Methodically, his fingers worked the lotion into my skin.

“Shhh, la. This is not rocket science. I think I can figure out how to put the lotion on your back.”

“I just want to make sure you do it right.”

I heard him laugh and knew if I could see him that he would be shaking his head gently.

He started at the base of my neck, where his breath was warm against my nape as he leaned close to tease apart the knot of the halter, then smoothed the lotion into me. His thumb and fingertips worked in a circular motion covering the exposed skin at the top of my back before he gently brought the straps back together, one lavender and one navy, and wove them again into a little knot. I eased myself up onto my elbows so that he could lift my top more easily to coat the few inches of skin that peeked between the halves of the bathing suit. His fingers slid under my waistband, lingering for a moment well beyond the reach of the sun’s rays. I shivered.

“I can’t believe you like this stuff,” he said, as worked his way back up, massaging more of the sunscreen into the small of my back.

“And the smell.
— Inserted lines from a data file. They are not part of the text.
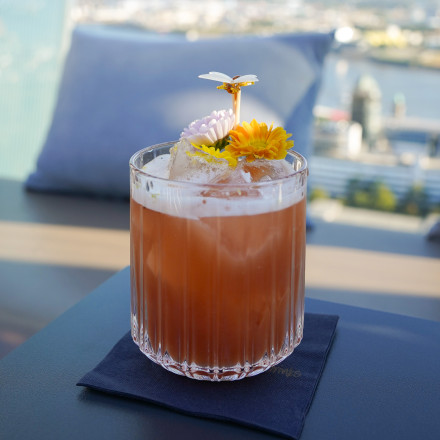 Ein rosa Cocktail mit Eis und essbaren Blüten wird in einem Glas auf einer Serviette serviert, im Hintergrund ist eine verschwommene Stadtlandschaft zu sehen.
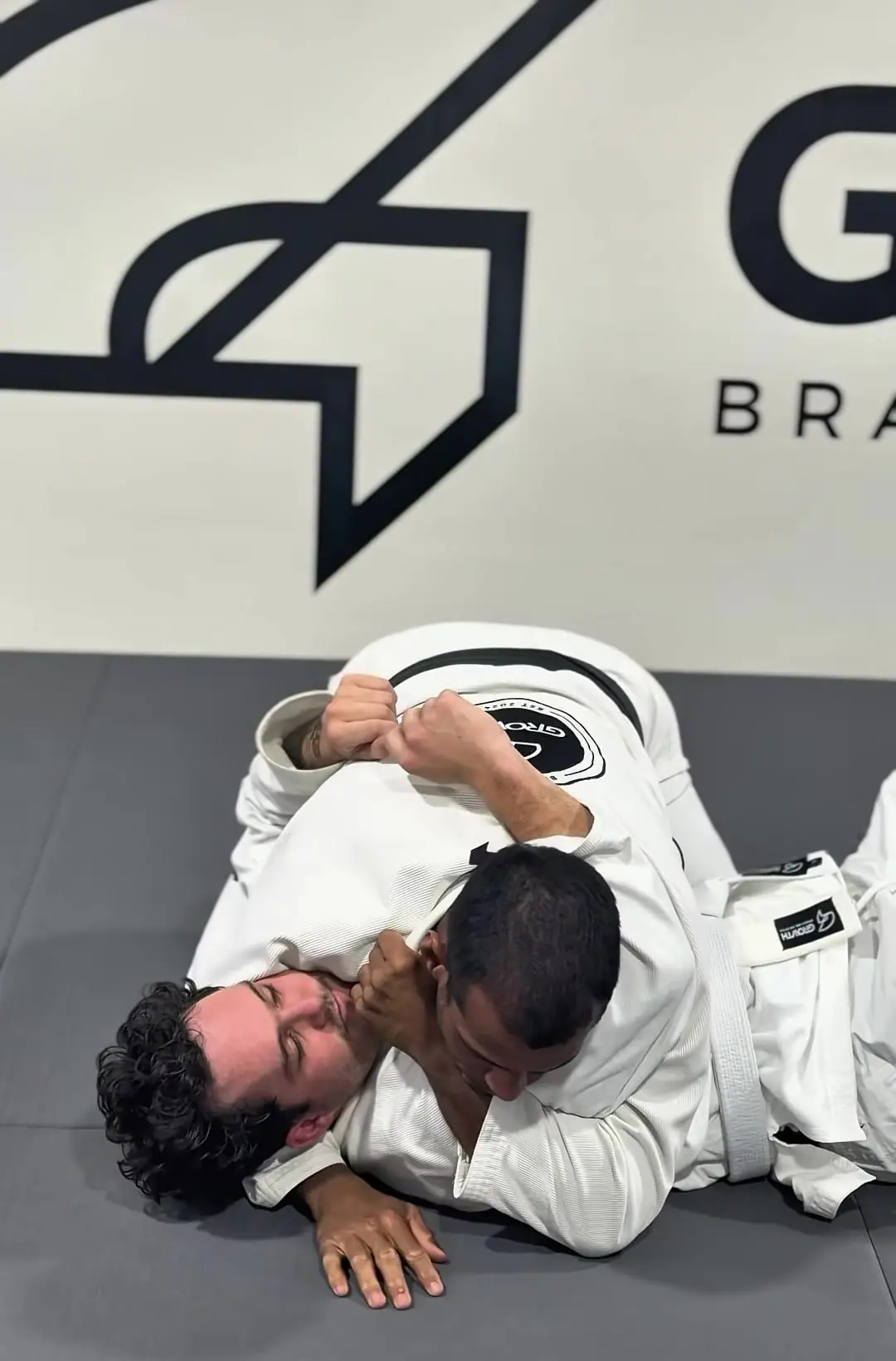 Ícaro demonstrating a technique from side control in front of the Growth logo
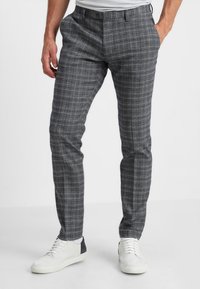 Grijze geblokte broek van lichtgewicht stof, met een getailleerde pasvorm, riemlussen en een knoopsluiting, gecombineerd met witte sneakers.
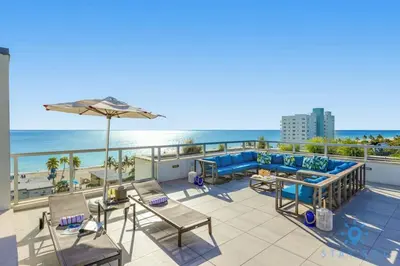 a balcony with a view of the beach at Hot tub & Unique Rooftop-Hollywood Broad-walk in Hollywood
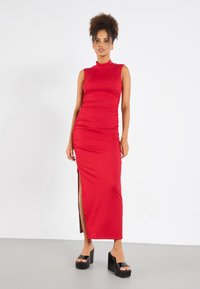 Red ribbed maxi dress with a high collar, featuring side slit and ruched detailing. Model wears black platform heels. Smooth texture.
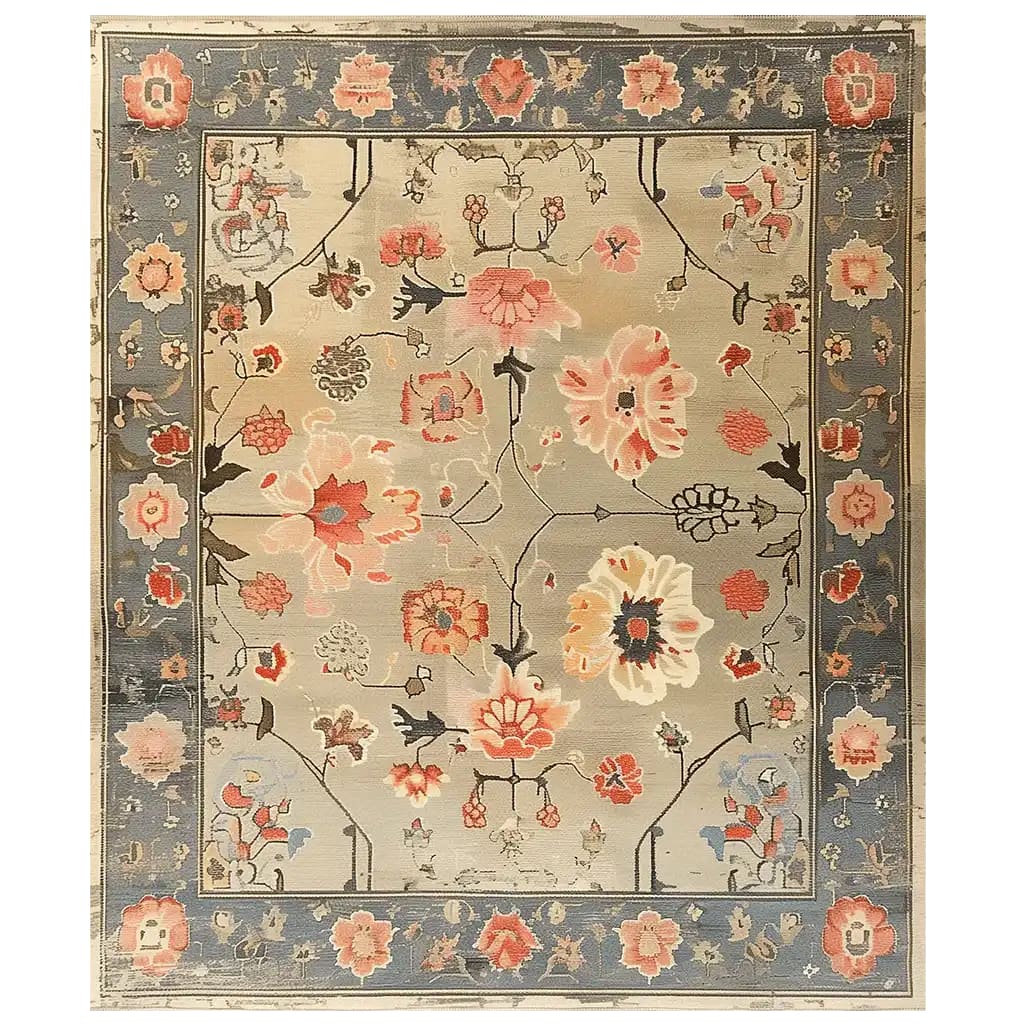 The Elysian Bloom Knotted Wool Area Rug features an intricate floral design with vibrant pink and orange flowers set against a muted beige background. The outer border showcases a contrasting deep blue tone with additional floral accents, adding a touch of elegance to any living space.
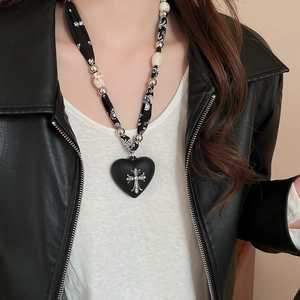 Detail of vintage leopard scarf necklace with heart pendant and silver cross accent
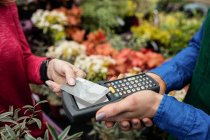 Imagem cortada de mulher fazendo pagamento com cartão de crédito para florista no centro de jardim — Fotografia de Stock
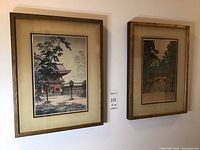 Two framed Asian prints side by side on wall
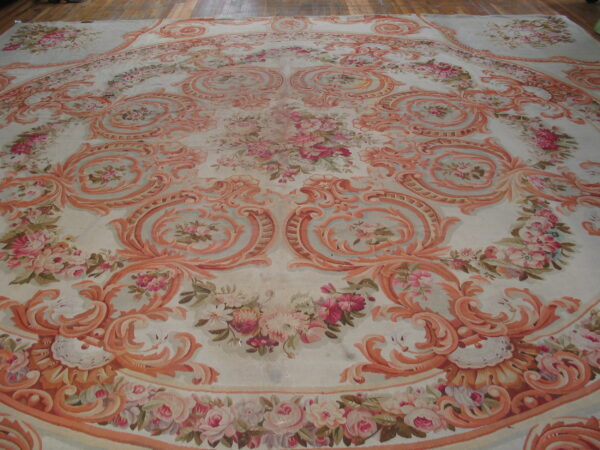 Large ornate rug featuring faded coral scrollwork and pink florals on a pale background over wood flooring.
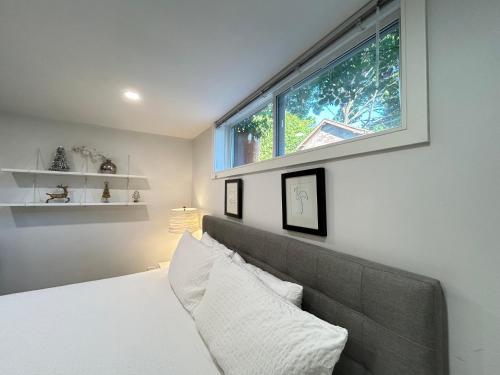 a bedroom with a bed and a large window at Modern Lux Family Rooms - KingBed - Near Sheppard W Station Toronto in Toronto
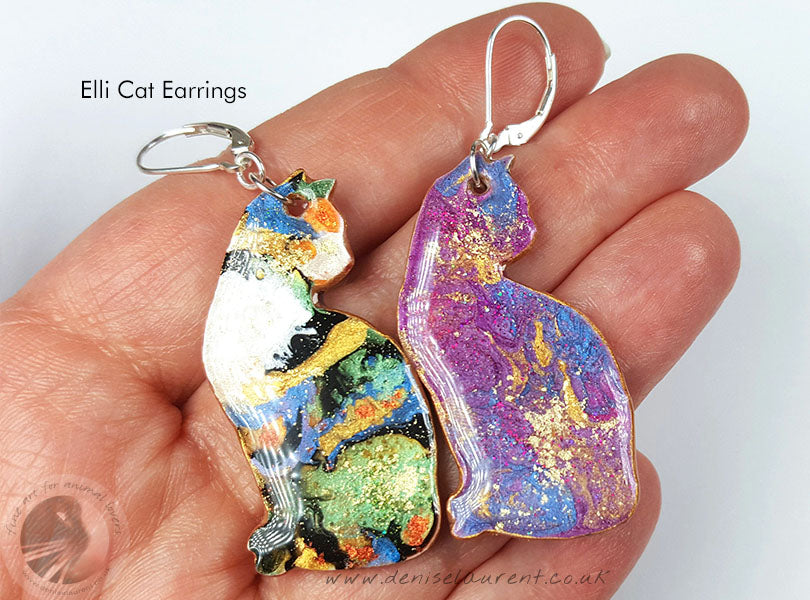 a pair of cat earrings - they are double sided, purple on one side, tabby cat colours on the other. Just turn them around to change your look.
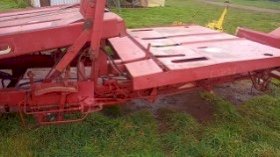 Under Auction - New Holland 1012 PTO Trailing Stackliner 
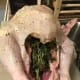 This is what I'm talking about when I say to stuff the cavity with the fresh herbs. I know some people don't like reach their hands into the bird, and that's fine. You can skip this step.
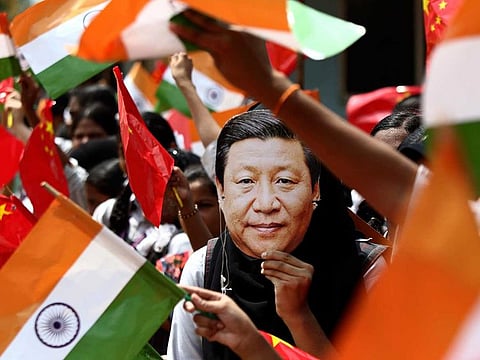 An Indian schoolgirl wears a face mask of Chinese President Xi Jinping to welcome him on October 10, 2019, the eve of his visit in Chennai, India.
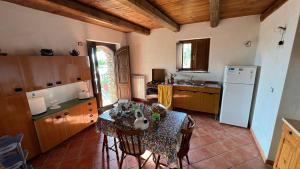 a kitchen with a table with chairs and a refrigerator at Antico Casale da Gemma - Fuscaldoapartment in Fuscaldo +37 photos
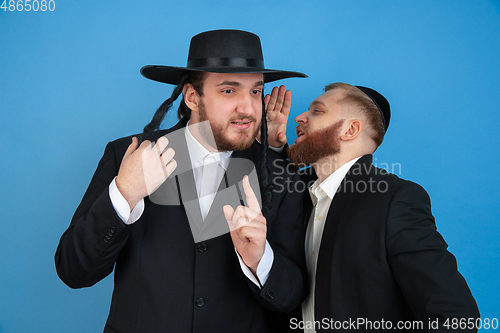 Image of Portrait of a young orthodox jewish men isolated on blue studio background, meeting the Passover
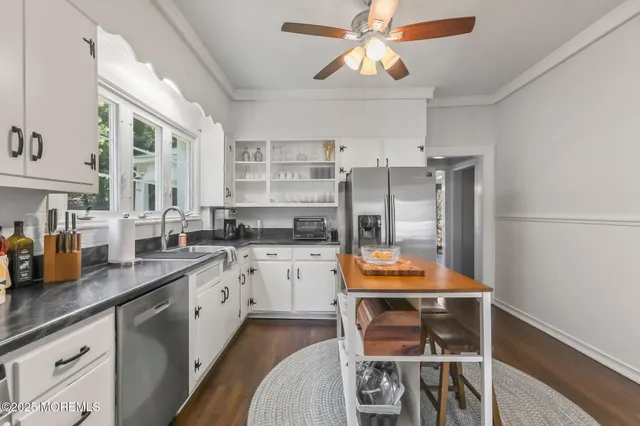 a kitchen with stainless steel appliances granite countertop a stove and white cabinets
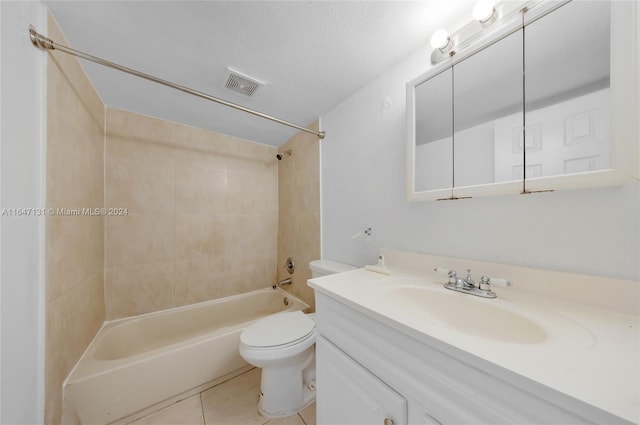 full bathroom with vanity, tiled shower / bath, tile patterned flooring, toilet, and a textured ceiling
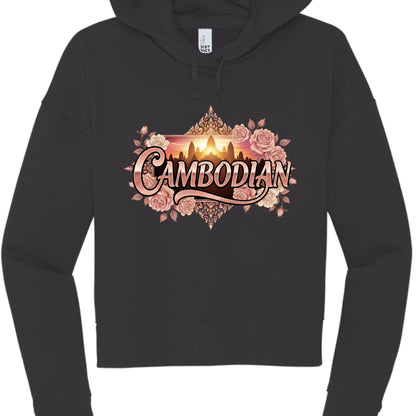 Black "Sunset" Hoodie
The final design combines photographic and illustrative elements for a high-contrast look.

Typography: "CAMBODIAN" is rendered in a glossy, rose-gold 3D font with a dramatic "swoosh" underlining the text.

Central Imagery: In the background, a rectangular window displays a golden silhouette of Angkor Wat against a vibrant orange and yellow sunset.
You do this every time you are in the sun?” he asked, incredulously. His hands moved back down and onto the tops of my thighs. I turned over so that he could finish the stripe around my stomach. Speedos were much more practical for the pale people of the world.

“Sunscreen is the smell of summer at the beach,” I teased him. And then, more seriously, “And anyway, ‘like’ has nothing to do with it. Look at me: I’m the color of Casper. Do you know how fast I would burn?”

“Never had that problem.” We both laughed.

“Everyone can get skin cancer, you know. It might be less common for someone like you, but it can happen.”

I turned to face him, and he pushed the hair away from my eyes. The motion reminded me to pull it back, to make sure my part was completely covered.

I bent my head forward for him to tell me if any of my scalp was exposed. He kissed the top of my head.

“So, do you want some?”

He looked at my slyly.

“If I say yes, you’ll do it?”

“No, I’m going to get up and go ask the guy over there with the giant blue and white kite if he will rub it onto your back instead. Come on, Nao Kao. What kind of a question is that? What do you think?”

“I think you are ridiculous,” he said.